Vanguard Starts Its Slow Death
May 1st, 2007 by Bobosan
I’ve talked about how much I enjoy playing Vanguard in a few past entries. I still rather enjoy it, but the appeal is slowly wearing off. Yes, Vanguard, the MMORPG that was supposed to put the hardcore back in gaming, is dying. The game as it stands now, is nothing of what it was supposed to be.
Yesterday, Brad McQuiad, the creator of Vanguard, and President of Sigil Games made an announcement on a newly created Sony Online Entertainment forum. This announcemnt basically confirmed the rumors circulating around the Vanguard sites that SOE would be forced to step in, and take over control of Sigil to get the game back on track. In fact, SOE has a legal obligation to shareholders to do this, in the hope that they can recoup the investment they have already made towards the game.
Now, what hasn’t been made public is the extent of this ‘takeover’. Will Sigil Games still exist as a company this time next month? Or will SOE simply provide programming assistance to them, and hope that is enough? These are the unanswered questions that everyone who play’s Vanguard wants to know.
Vanguard shipped early, due to lack of finances. Essentially it was a sink or swim type of choice; either go broke trying to get the game ready, or release early with bugs and half-completed content. Sigil Games chose the later. This was the beginging of the end.
When release day for Vanguard came, I rushed to GameStop before work so I could get a copy. All that night, all I could think about was getting home and trying this awesome game I had been waiting for, and counting the months til its release.

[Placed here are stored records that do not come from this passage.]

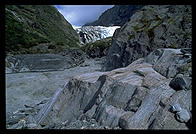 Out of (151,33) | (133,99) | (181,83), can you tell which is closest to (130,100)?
(133,99)

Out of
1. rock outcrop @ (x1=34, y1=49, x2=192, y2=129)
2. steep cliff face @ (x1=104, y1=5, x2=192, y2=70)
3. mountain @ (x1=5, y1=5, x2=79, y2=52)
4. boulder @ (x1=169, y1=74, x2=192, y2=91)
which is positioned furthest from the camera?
mountain @ (x1=5, y1=5, x2=79, y2=52)

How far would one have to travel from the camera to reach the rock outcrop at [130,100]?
5.03 metres

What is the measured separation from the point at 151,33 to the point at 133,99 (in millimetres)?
13766

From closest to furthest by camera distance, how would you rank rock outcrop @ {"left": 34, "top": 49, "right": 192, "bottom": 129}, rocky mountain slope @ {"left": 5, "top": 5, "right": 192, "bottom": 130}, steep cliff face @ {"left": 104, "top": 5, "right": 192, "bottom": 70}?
rock outcrop @ {"left": 34, "top": 49, "right": 192, "bottom": 129} < rocky mountain slope @ {"left": 5, "top": 5, "right": 192, "bottom": 130} < steep cliff face @ {"left": 104, "top": 5, "right": 192, "bottom": 70}

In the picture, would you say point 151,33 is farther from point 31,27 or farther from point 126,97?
point 31,27

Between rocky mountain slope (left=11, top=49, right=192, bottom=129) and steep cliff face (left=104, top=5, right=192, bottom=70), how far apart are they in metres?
8.64

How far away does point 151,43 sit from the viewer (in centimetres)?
1777

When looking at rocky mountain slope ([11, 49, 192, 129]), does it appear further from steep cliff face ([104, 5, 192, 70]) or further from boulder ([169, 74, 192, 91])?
steep cliff face ([104, 5, 192, 70])

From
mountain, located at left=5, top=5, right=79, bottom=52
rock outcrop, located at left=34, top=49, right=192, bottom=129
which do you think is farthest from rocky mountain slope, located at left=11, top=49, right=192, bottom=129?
mountain, located at left=5, top=5, right=79, bottom=52

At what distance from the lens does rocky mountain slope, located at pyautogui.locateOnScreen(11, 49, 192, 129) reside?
5089 millimetres

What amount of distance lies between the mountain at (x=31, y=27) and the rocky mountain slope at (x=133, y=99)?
48.0 metres

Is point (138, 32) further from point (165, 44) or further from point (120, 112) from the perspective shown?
point (120, 112)

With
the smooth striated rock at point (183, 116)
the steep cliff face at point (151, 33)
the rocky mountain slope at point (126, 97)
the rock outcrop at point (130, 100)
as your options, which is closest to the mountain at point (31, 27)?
the steep cliff face at point (151, 33) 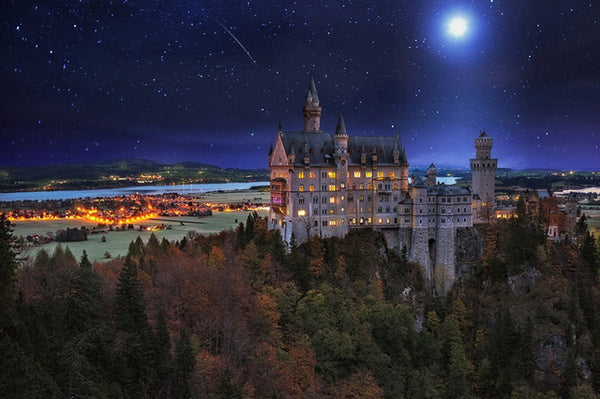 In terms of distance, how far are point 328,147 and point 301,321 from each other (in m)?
31.1

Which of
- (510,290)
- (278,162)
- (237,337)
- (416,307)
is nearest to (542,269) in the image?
(510,290)

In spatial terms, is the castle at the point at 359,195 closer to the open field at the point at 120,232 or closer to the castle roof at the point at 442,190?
the castle roof at the point at 442,190

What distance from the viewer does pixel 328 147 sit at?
82000 mm

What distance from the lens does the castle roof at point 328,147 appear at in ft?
261

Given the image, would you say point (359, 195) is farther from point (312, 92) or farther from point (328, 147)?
point (312, 92)

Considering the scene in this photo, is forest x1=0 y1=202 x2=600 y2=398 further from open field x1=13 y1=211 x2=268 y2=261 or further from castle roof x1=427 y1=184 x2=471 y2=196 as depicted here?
open field x1=13 y1=211 x2=268 y2=261

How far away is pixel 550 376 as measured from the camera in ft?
230

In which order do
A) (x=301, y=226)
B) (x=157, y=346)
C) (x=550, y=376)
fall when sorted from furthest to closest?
(x=301, y=226), (x=550, y=376), (x=157, y=346)

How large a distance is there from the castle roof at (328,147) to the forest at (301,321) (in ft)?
41.7

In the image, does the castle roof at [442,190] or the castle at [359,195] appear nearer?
the castle at [359,195]

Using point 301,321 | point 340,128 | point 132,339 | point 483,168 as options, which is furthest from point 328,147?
point 132,339

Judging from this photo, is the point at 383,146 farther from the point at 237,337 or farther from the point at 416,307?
the point at 237,337

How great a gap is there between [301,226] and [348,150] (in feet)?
51.6

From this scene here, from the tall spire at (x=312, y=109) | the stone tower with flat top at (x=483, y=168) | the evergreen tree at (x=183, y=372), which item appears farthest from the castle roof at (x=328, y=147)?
the evergreen tree at (x=183, y=372) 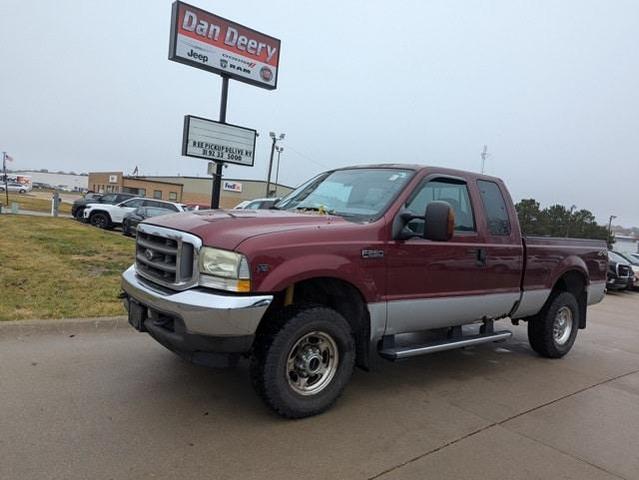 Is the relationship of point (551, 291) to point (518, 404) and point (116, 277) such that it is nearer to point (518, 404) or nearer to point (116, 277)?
point (518, 404)

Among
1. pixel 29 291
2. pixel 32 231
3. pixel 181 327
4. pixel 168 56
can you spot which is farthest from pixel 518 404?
pixel 32 231

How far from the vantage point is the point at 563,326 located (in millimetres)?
6617

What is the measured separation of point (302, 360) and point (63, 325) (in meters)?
3.20

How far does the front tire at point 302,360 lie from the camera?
3.68 meters

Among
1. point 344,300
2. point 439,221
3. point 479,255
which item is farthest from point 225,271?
point 479,255

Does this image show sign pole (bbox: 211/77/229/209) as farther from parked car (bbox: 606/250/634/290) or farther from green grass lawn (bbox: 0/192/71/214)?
green grass lawn (bbox: 0/192/71/214)

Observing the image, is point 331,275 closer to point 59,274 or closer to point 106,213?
point 59,274

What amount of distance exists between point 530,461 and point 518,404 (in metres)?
1.16

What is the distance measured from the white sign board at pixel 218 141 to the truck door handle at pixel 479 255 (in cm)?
733

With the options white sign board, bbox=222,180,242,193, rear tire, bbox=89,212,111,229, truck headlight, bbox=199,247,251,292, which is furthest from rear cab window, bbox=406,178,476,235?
white sign board, bbox=222,180,242,193

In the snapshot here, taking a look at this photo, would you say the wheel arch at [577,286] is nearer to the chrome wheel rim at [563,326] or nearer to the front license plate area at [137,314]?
the chrome wheel rim at [563,326]

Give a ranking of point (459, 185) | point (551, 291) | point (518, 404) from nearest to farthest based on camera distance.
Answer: point (518, 404) < point (459, 185) < point (551, 291)

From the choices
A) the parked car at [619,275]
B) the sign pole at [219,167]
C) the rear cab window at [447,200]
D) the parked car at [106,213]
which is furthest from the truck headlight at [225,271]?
the parked car at [106,213]

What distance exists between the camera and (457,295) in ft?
16.1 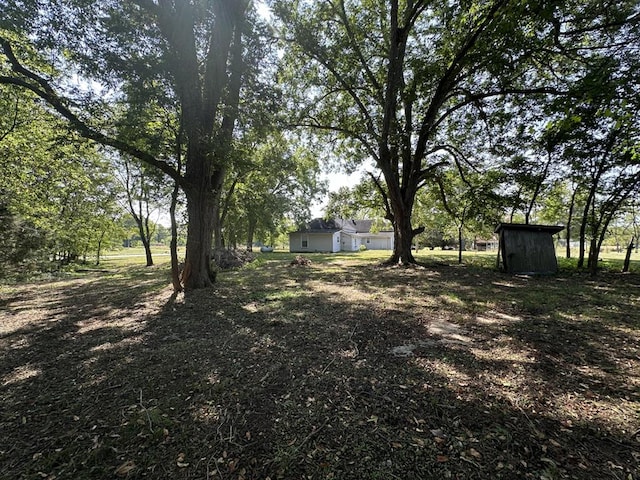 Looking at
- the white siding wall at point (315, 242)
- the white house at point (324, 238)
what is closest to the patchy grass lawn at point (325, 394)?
the white house at point (324, 238)

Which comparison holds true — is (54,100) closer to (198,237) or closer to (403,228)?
(198,237)

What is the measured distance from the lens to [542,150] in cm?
1027

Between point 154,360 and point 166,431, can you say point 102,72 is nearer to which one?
point 154,360

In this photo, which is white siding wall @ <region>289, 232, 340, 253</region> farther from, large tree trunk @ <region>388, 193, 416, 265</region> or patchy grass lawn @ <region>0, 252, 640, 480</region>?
patchy grass lawn @ <region>0, 252, 640, 480</region>

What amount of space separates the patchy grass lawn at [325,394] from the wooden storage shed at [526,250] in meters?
4.80

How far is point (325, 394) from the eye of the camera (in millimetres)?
2479

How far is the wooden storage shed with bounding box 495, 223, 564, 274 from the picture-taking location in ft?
31.7

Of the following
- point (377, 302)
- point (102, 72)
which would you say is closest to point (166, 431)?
point (377, 302)

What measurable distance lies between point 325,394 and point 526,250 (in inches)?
411

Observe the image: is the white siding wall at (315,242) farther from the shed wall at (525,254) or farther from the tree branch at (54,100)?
the tree branch at (54,100)

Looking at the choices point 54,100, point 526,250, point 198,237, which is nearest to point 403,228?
point 526,250

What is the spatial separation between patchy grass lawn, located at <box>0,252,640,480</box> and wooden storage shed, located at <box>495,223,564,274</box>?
480cm

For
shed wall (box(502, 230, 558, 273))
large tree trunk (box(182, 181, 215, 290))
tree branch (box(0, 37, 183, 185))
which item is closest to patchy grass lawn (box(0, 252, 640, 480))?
large tree trunk (box(182, 181, 215, 290))

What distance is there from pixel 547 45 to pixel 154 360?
11.2 meters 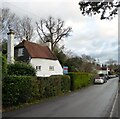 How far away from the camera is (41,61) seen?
49.6 metres

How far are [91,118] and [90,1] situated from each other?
541 cm

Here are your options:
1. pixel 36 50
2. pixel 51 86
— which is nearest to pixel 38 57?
pixel 36 50

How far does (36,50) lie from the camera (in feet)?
165

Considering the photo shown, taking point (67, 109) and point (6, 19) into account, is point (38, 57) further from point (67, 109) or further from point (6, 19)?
point (67, 109)

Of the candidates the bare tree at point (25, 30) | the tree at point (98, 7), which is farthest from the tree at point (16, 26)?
the tree at point (98, 7)

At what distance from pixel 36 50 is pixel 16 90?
32.0 meters

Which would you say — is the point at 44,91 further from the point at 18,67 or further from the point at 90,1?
the point at 90,1

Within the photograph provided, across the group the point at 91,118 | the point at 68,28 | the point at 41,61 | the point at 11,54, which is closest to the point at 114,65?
Result: the point at 68,28

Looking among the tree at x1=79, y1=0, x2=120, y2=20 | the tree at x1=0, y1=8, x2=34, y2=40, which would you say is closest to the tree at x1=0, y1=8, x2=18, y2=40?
the tree at x1=0, y1=8, x2=34, y2=40

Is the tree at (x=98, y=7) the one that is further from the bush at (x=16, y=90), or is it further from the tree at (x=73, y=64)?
the tree at (x=73, y=64)

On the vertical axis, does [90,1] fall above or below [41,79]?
above

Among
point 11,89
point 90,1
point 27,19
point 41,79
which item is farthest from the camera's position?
point 27,19

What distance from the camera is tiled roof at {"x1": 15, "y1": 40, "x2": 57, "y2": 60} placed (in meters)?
47.8

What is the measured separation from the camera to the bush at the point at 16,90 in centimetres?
1802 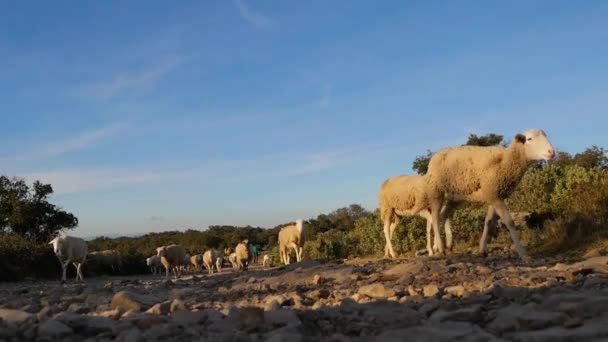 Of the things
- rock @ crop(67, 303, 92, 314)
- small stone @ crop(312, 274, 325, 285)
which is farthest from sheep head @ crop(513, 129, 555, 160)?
rock @ crop(67, 303, 92, 314)

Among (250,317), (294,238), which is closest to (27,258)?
(294,238)

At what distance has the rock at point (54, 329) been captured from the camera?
5000mm

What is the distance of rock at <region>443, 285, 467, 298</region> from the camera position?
6074 mm

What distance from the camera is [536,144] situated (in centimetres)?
1163

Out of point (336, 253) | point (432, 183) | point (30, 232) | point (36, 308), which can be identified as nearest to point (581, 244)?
point (432, 183)

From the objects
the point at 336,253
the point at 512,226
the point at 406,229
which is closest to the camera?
the point at 512,226

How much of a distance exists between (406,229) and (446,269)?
45.7 ft

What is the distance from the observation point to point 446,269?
8.26 m

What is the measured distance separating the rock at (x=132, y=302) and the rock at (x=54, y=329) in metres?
1.02

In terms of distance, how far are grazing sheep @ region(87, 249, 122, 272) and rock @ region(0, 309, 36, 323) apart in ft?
95.0

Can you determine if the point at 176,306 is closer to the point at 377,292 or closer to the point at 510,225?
the point at 377,292

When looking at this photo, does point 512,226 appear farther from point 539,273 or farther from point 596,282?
point 596,282

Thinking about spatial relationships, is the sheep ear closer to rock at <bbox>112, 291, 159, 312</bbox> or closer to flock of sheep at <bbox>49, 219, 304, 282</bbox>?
rock at <bbox>112, 291, 159, 312</bbox>

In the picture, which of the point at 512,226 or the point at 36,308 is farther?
the point at 512,226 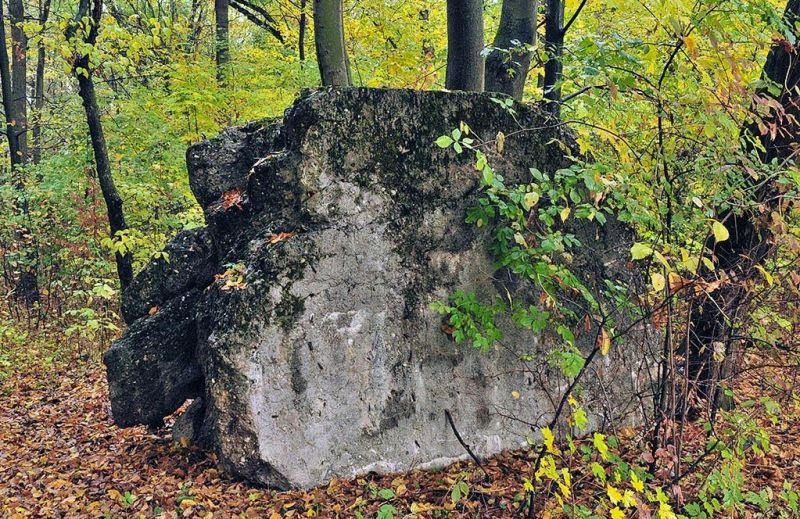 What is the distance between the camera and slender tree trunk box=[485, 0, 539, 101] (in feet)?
18.4

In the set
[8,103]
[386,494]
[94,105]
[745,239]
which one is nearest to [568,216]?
[745,239]

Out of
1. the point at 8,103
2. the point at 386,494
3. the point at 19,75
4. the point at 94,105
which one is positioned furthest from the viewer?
the point at 19,75

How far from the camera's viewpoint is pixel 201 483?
412 cm

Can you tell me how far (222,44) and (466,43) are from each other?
592cm

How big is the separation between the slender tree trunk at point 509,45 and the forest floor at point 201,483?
3.44 m

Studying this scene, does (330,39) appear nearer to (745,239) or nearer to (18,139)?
(745,239)

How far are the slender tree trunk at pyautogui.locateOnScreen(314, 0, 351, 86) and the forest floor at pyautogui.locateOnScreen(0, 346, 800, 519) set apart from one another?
12.1ft

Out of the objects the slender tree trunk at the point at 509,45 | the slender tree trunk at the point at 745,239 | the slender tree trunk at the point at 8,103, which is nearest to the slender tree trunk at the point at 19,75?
the slender tree trunk at the point at 8,103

I wasn’t in any of the Beta tests, but I followed it from its website, and other game review sites. Sigil promise us a world that none of us had seen since the original Everquest.
They promise a challenging game—a game that you could feel achomplisment in. This was to be no World of Warcraft, for it was to be hardcore. We were told of a massive world, with no teleportation systems, where you had to ride your horse or take a boat to get to your end destination. And most importantly, we were told that this would be just like the old Everquest, where we would try to kill the dragon fifteen times, and finally slay him, and feel so damn estatic when it happened.
None of it rang true. It was all a lie. Vanguard, which is build on the Unreal Engine, runs like crap! Anti-aliasing doesn’t exist on it. My old Geforce 6800 Ultra video card barely gets 30 frames per second, and I have to have the graphics near low to get it to play. But I could excuse poor graphics, and poor preformance, if only there was compelling content.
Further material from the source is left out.